[Scraped caption text data]
------------------------------------------------
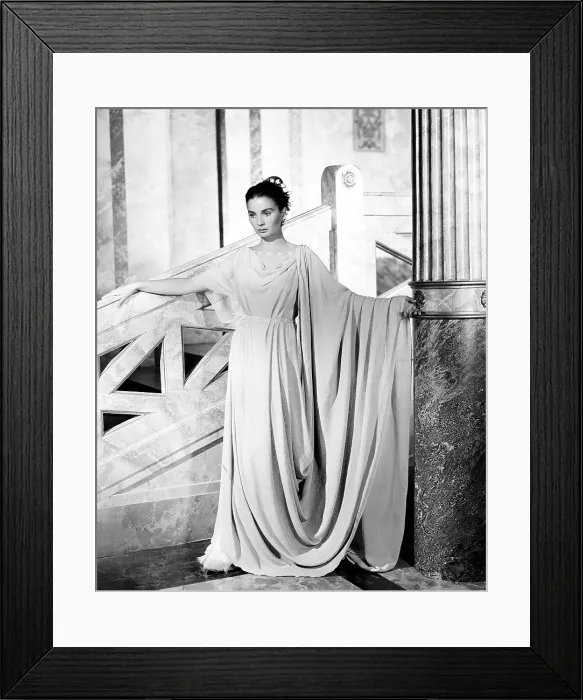 Framed Print : THE ROBE, Jean Simmons, 1953, TM & Copyright 20th Century Fox Film Corp. / courtesy Everett Collection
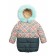 Coat for girls, height 116 cm, beige color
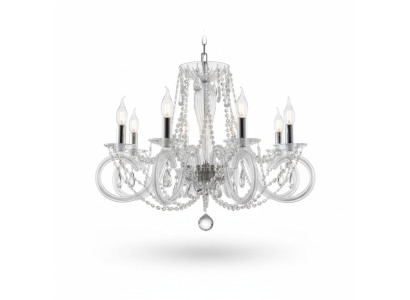 Kristall Kronleuchter Luster Leuchte Deckenleuchte Bohemia Hängeleuchte Lampe
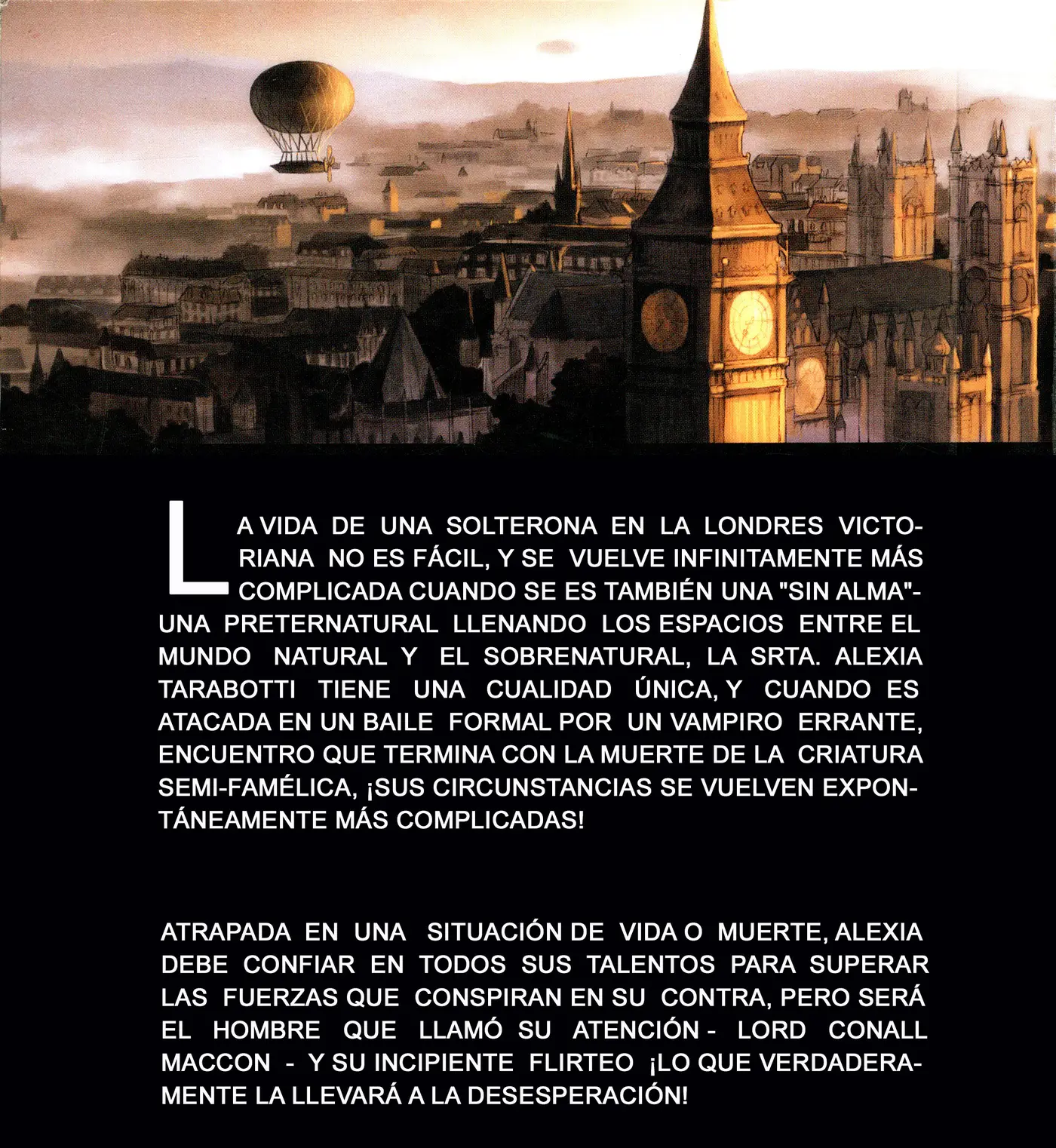Parasol Protectorate capítulo 1, página 4
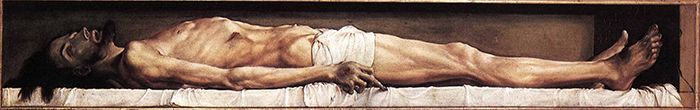 The Body of the Dead Christ in the Tomb (1521)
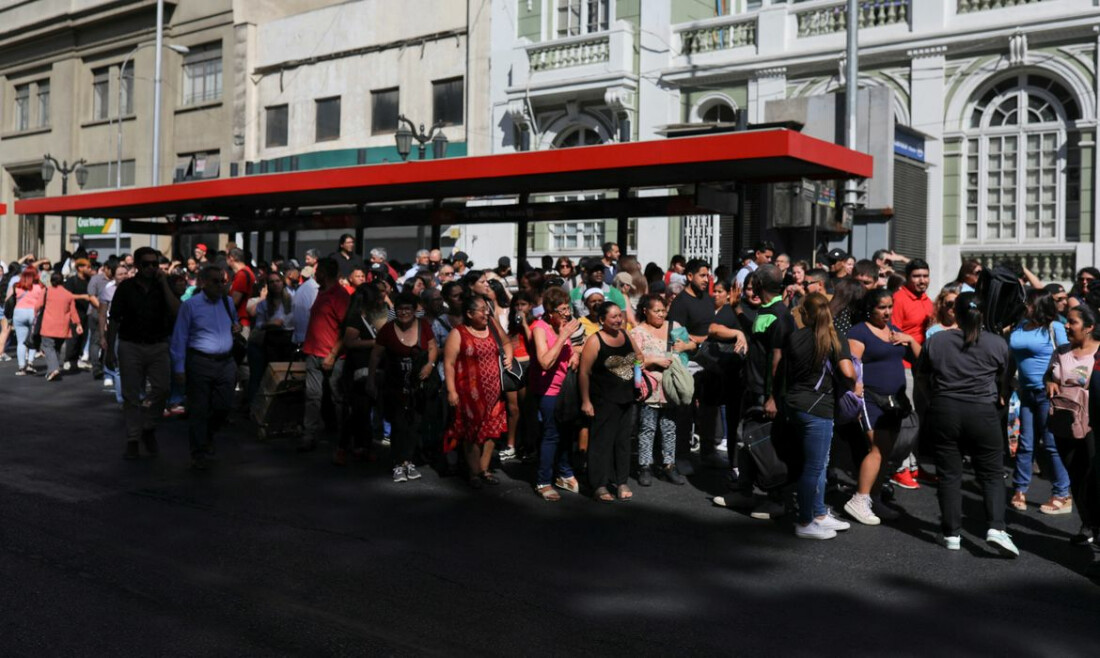 Apagão no Chile afeta maior mina de cobre do mundo e ruas de Santiago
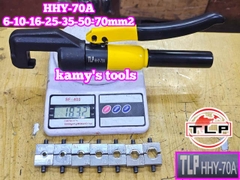 Kìm Ép Cos Thủy Lực Hhy-70a 6-70mm2 TLP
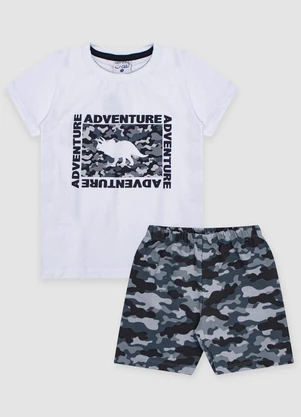 Turminha - Conjunto Infantil Advent Branco - TURMINHA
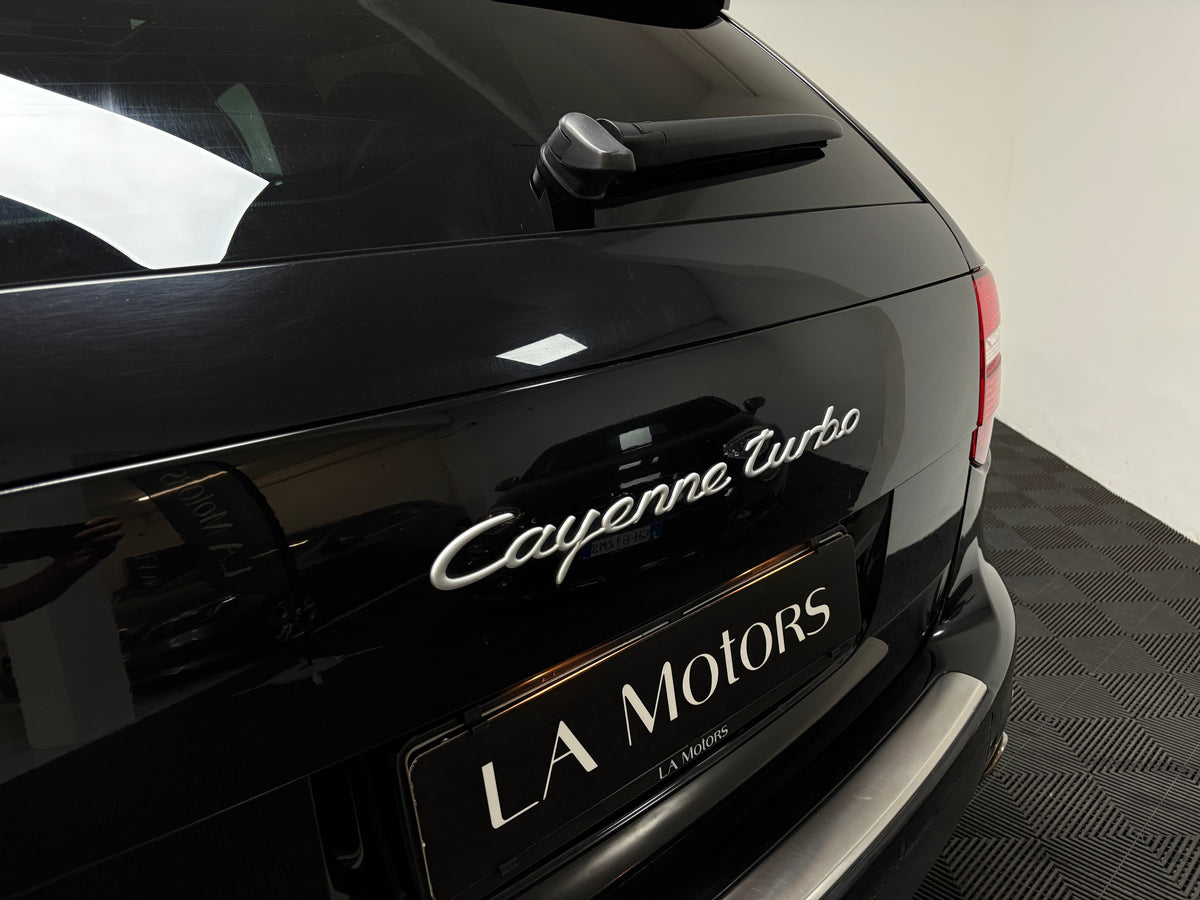 Porsche Cayenne Turbo 4.0 V8 500cv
------------------------------------------------
- [TASK DESCRIPTION]
Emit an exact copy of the lines from the line bearing "Coat for girls, height 116 cm, beige color" through the last line above, inclusive, and leave the images out.

- [RESULT OF THIS EXERCISE]
 Coat for girls, height 116 cm, beige color
 Kristall Kronleuchter Luster Leuchte Deckenleuchte Bohemia Hängeleuchte Lampe
Parasol Protectorate capítulo 1, página 4
 The Body of the Dead Christ in the Tomb (1521)
 Apagão no Chile afeta maior mina de cobre do mundo e ruas de Santiago
 Kìm Ép Cos Thủy Lực Hhy-70a 6-70mm2 TLP
 Turminha - Conjunto Infantil Advent Branco - TURMINHA
 Porsche Cayenne Turbo 4.0 V8 500cv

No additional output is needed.